The company also previewed an in-development initiative called Navan Edge, which Cohen described as an AI-powered booking experience aimed at “hyper-servicing” frequent travelers with AI augmented by human agents when needed. In response to an analyst question, Cohen said Edge is intended to “unlock more of the TAM,” particularly in “non-managed” travel, while keeping the same business model (booking fees and supplier/partner economics). Management said investments in Edge began in the second half of fiscal 2026, will continue in fiscal 2027, and are expected to contribute to top-line results more in fiscal 2028.
Outlook raised; seasonality and 2027 cash flow target
Butte said the company raised guidance for both fiscal Q4 and the full fiscal year 2026, while reiterating that fiscal Q4 is typically seasonally lower than Q3 in both volume and margins.
- Fiscal Q4 revenue: $161 million to $163 million (23% year-over-year growth at the midpoint).
- Fiscal Q4 non-GAAP loss from operations: $15.5 million to $14.5 million (non-GAAP operating margin of -9% at the midpoint).
- Full-year fiscal 2026 revenue: $685 million to $687 million (28% year-over-year growth at the midpoint).

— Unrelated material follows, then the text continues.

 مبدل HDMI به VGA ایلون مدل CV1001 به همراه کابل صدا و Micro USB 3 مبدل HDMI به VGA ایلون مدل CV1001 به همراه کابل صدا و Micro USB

- Full-year fiscal 2026 non-GAAP income from operations: $21 million to $22 million (non-GAAP operating margin of 3% at the midpoint).
Butte said Navan did not see an impact from travel disruptions related to a government shutdown, noting October was a record month. She said the company observed a “very minor” volume impact for about four days beginning November 11 following FAA flight cancellations, which was offset by higher airline ticket prices, resulting in no material net impact to Q4 outlook.
On capital structure, Butte said the IPO strengthened the balance sheet and streamlined the company’s cost of capital. Navan ended Q3 with $809 million in cash and cash equivalents and $207 million in debt. She also said the company expects to be free cash flow positive for the full fiscal year 2027.
About Navan (NASDAQ:NAVN)
Navan (NASDAQ: NAVN) is a technology company that provides an integrated platform for corporate travel, expense management and business payments. The company combines online travel booking and itinerary management with expense reporting, corporate card services and payment processing to help organizations consolidate travel and T&E (travel and expense) workflows into a single system. Navan emphasizes a mobile-first user experience, automated reconciliation and policy controls to simplify administrative processes for finance and travel teams while improving the experience for travelers.
Navan’s offerings typically include online and mobile travel booking, real-time traveler support and duty-of-care features, automated expense capture and reporting, corporate card and virtual card issuance, and tools for payments and invoice management.